About this task » Report all lines of the data below that hold the word "with".

+++ Data excerpts +++

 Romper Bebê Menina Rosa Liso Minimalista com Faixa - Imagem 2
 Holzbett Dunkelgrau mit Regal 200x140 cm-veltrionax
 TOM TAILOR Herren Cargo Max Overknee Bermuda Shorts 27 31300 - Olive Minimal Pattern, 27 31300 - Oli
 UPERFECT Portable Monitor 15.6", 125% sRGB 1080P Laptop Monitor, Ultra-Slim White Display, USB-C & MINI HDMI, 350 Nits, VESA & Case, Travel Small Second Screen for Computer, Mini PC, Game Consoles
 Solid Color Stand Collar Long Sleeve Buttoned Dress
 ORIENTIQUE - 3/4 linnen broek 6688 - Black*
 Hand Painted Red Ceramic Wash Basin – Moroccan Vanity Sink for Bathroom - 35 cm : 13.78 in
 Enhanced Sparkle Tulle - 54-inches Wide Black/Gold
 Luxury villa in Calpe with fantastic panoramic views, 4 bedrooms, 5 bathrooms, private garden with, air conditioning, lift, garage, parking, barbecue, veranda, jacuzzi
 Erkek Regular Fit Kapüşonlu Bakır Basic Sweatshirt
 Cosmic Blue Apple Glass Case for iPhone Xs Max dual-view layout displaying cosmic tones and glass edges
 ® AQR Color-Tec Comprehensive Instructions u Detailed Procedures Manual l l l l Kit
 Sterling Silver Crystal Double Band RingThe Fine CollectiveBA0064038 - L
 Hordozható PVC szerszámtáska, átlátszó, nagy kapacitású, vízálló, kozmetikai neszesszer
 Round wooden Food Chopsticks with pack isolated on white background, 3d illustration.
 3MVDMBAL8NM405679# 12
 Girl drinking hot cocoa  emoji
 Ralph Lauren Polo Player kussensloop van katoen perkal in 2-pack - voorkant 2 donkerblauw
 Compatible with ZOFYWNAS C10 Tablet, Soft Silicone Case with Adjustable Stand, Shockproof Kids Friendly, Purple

+++

Task output »
 Luxury villa in Calpe with fantastic panoramic views, 4 bedrooms, 5 bathrooms, private garden with, air conditioning, lift, garage, parking, barbecue, veranda, jacuzzi
 Round wooden Food Chopsticks with pack isolated on white background, 3d illustration.
 Compatible with ZOFYWNAS C10 Tablet, Soft Silicone Case with Adjustable Stand, Shockproof Kids Friendly, Purple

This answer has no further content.